Base project for development of next generation large scale multimodal language models
Reference number | |
Coordinator | Lindholmen Science Park AB - AI Sweden |
Funding from Vinnova | SEK 4 995 566 |
Project duration | January 2024 - December 2024 |
Status | Completed |
Important results from the project
** Denna text är maskinöversatt ** The project aimed to develop a general multimodal large-scale generative language model for the Swedish language.

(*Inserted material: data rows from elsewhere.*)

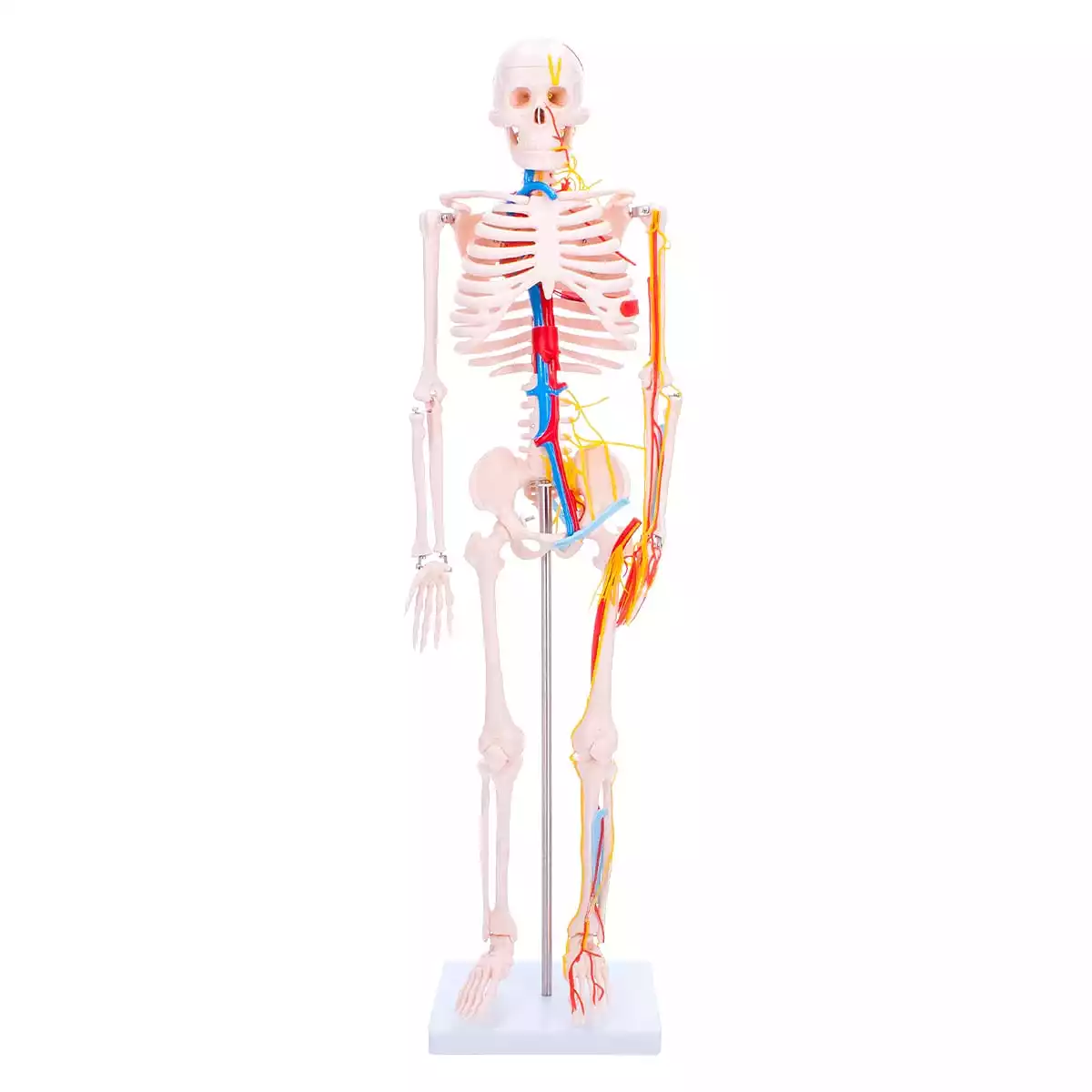  Anatomisches Skelett-Modell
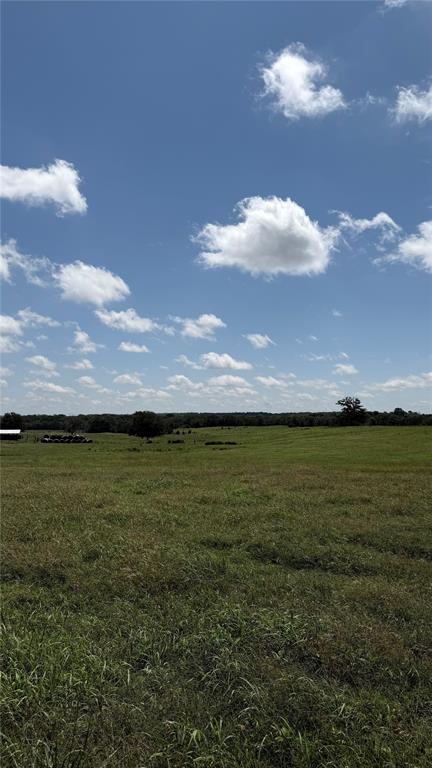 1235934 Property Photo 8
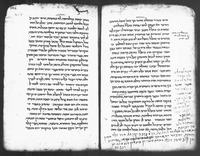 פרוש התורה לראב"ע.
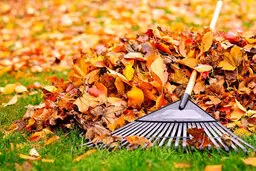برای پاییز بی‌باران آماده شوید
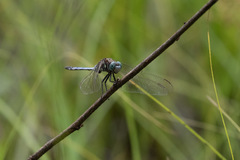 Orthetrum brachiale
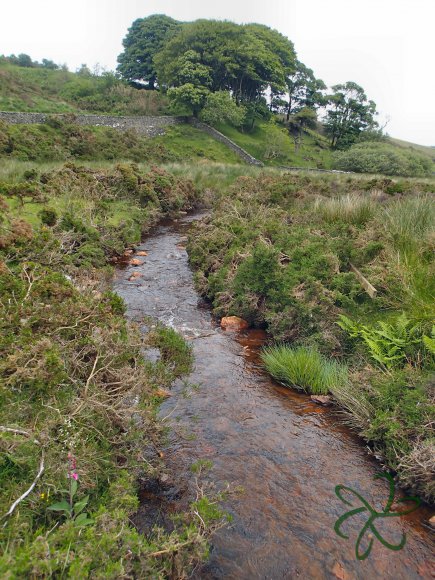 Rhenass River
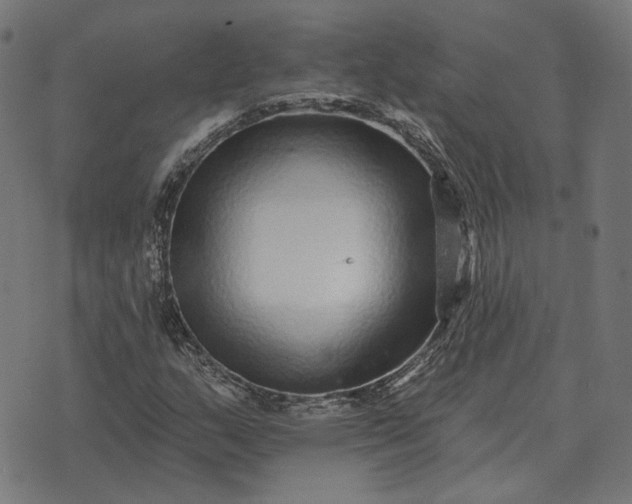 X0000070401159200606231755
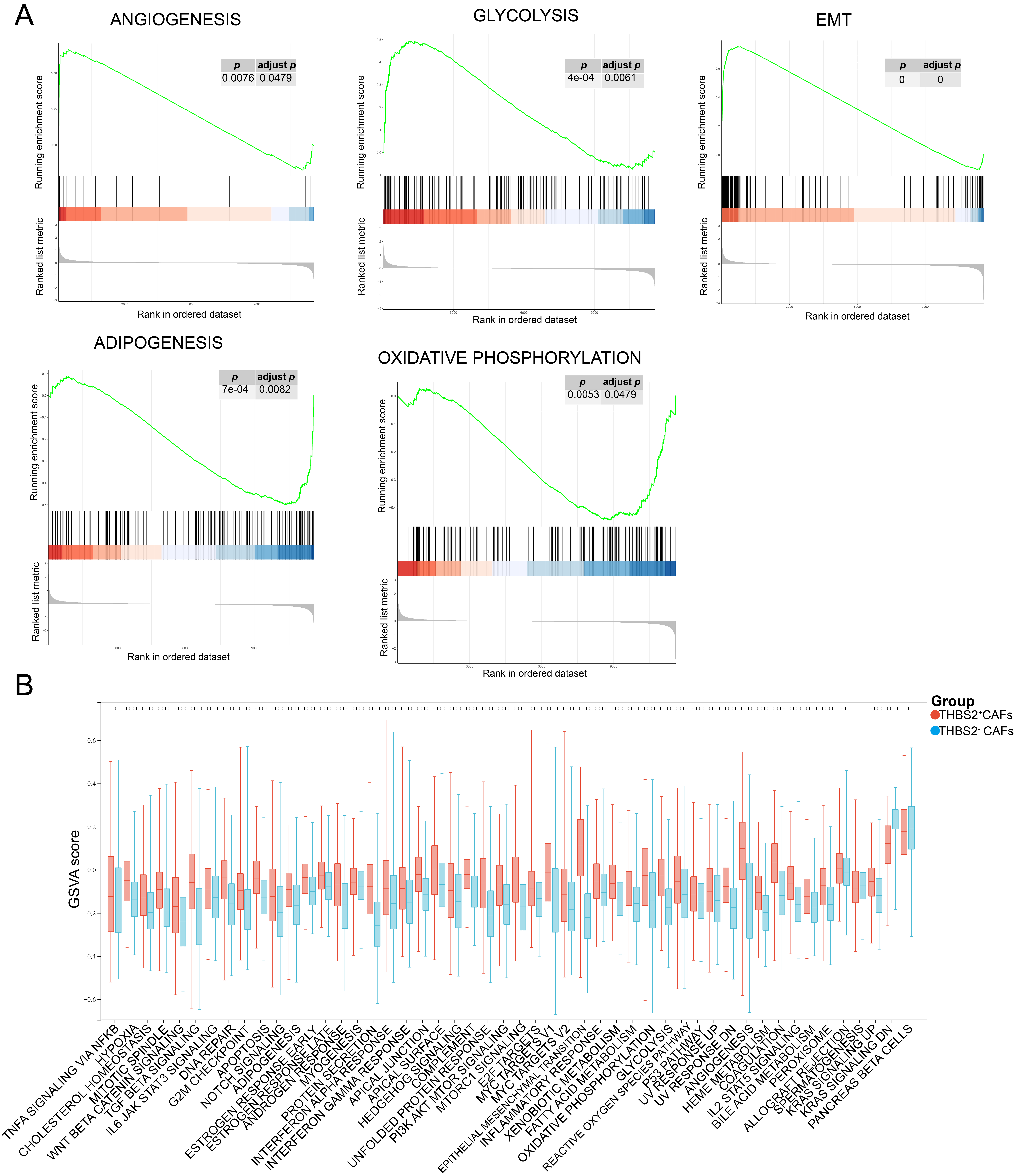 THBS2 can significantly affect cancer-related signaling pathways activity in CAFs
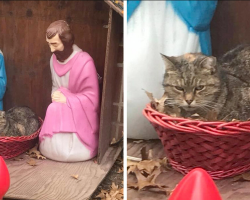 Grumpy Cat Camps Out in Nativity Scene — and Accidentally Makes Everyone Smile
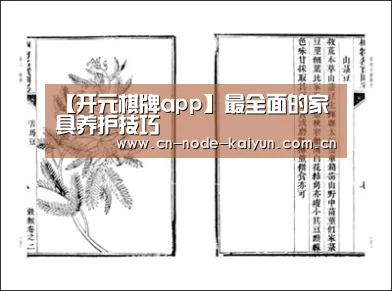 开元棋牌电脑版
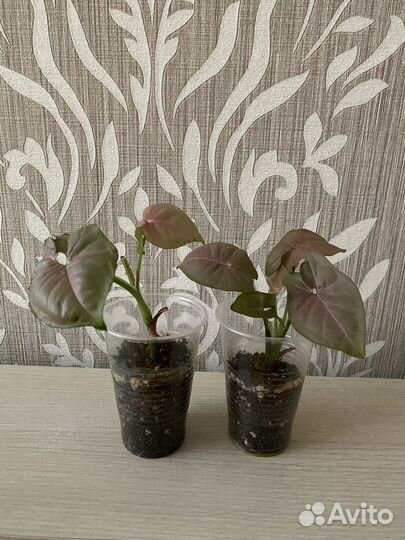 Комнатные растения цветы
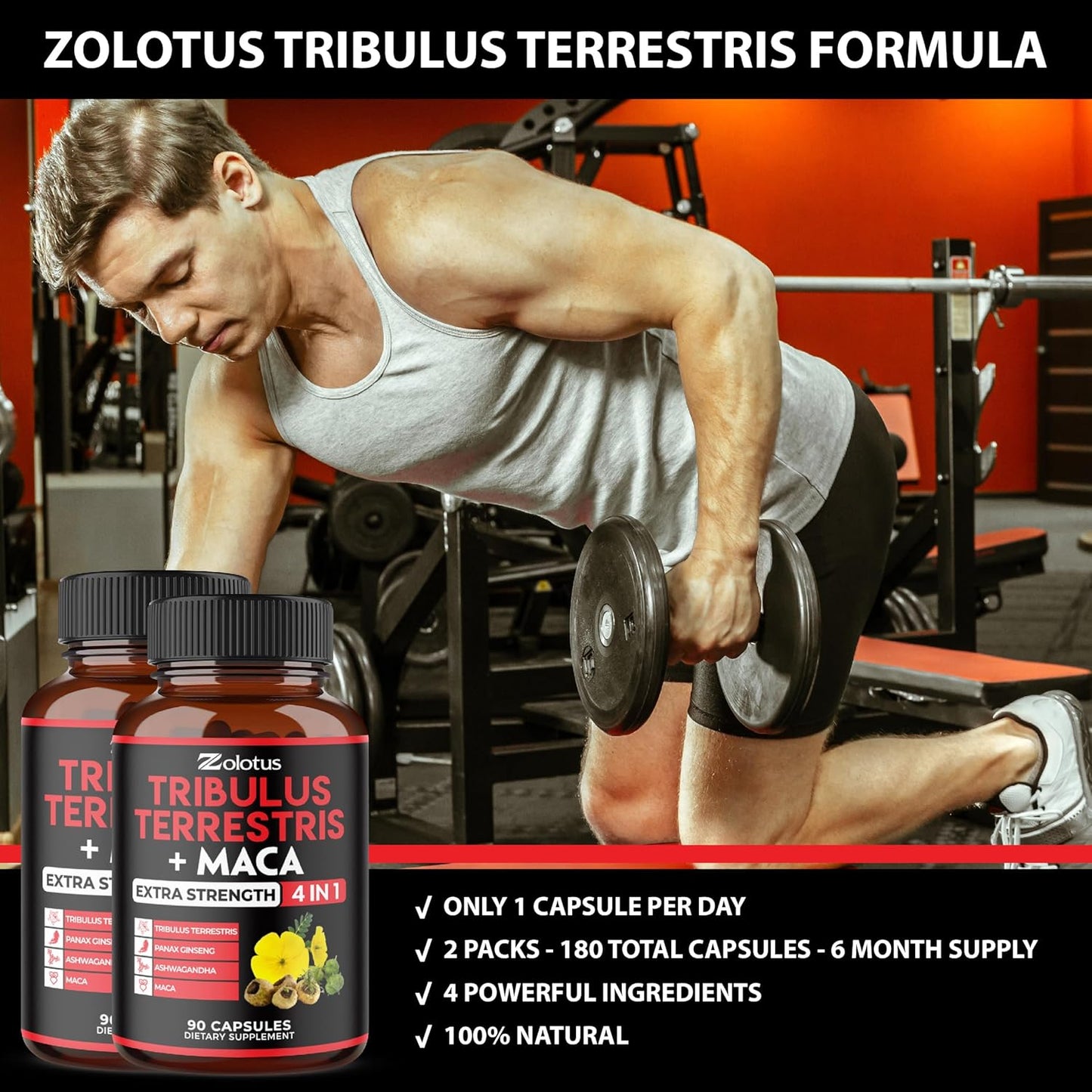 6-Month Supply of Zolotus Tribulus Terrestris, Maca Root, Ashwagandha, Panax Ginseng - 2 Pack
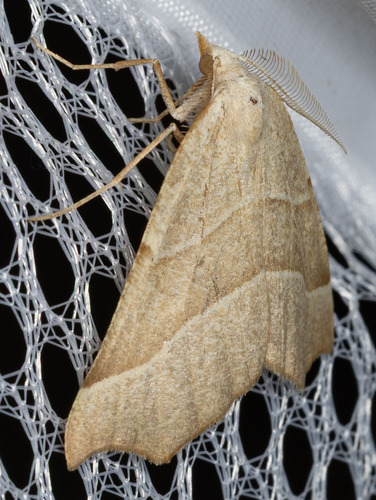 iNaturalist observation photo of Pherne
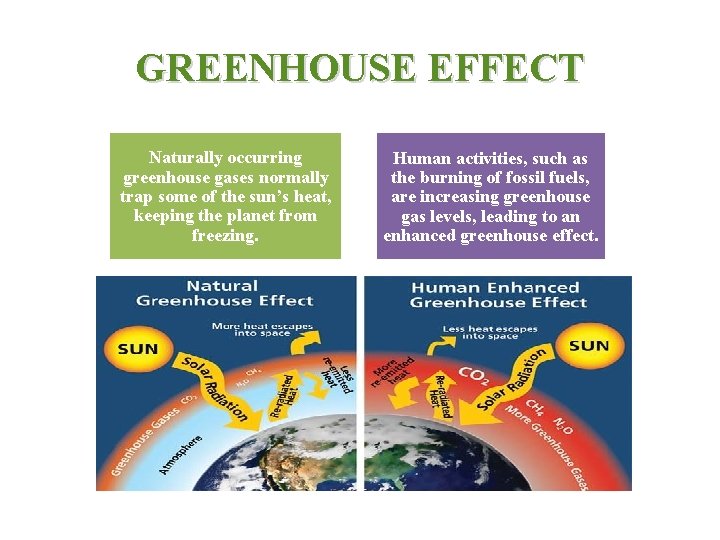 GREENHOUSE EFFECT Naturally occurring greenhouse gases normally trap some of the sun’s heat, keeping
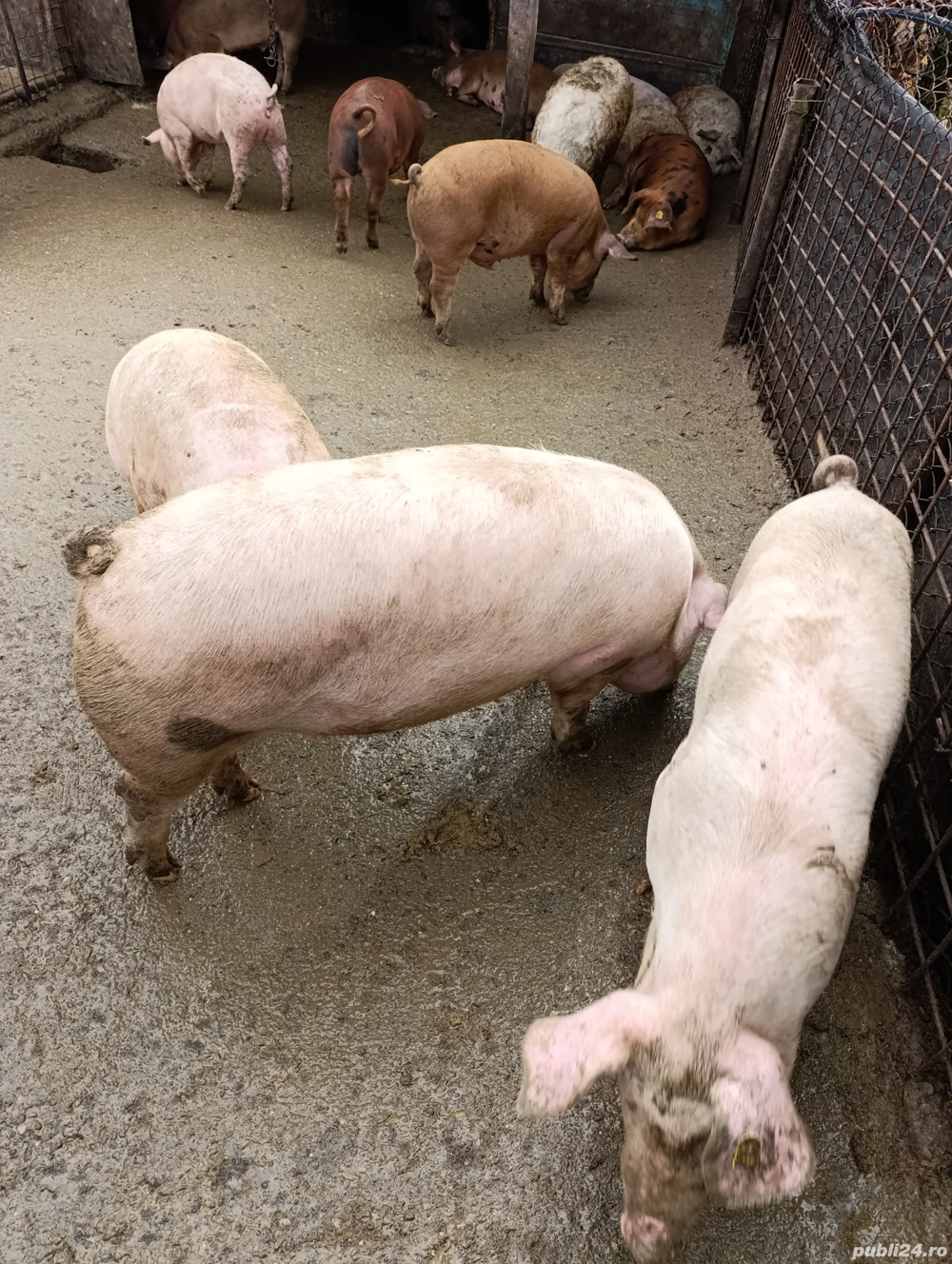 porci cu greutatea intre 70 si 100 kg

All sub-goals covered by the funding phase 1 have been achieved: we have established frameworks and processes for data management, we have developed frameworks and architecture for multimodal models, we have compiled the largest data set to date for training Swedish language models, and we have trained an audio- text model as a first example of how a multimodal Swedish model can work.
Expected long term effects
** Denna text är maskinöversatt ** A development process and dialogue with copyright owners about responsible ways can work with data for the development of language models. Our ambition has been to offer a national alternative to using foreign APIs in the form of open models, and in connection with this to strengthen Swedish resilience through competence, infrastructure and resource building. The project has led to subsequent projects, has been valuable in strengthening Nordic cooperation around language models, that can lead to cooperation and value creation at the Nordic level.
Approach and implementation
** Denna text är maskinöversatt ** The project was originally planned to be implemented in three phases, with control and decision points between each phase. The control points were based on the KPIs defined for each phase in proposal. The project managed to complete the first phase and achieved all its KPIs during it, but the funding for the further two phases did not materialize.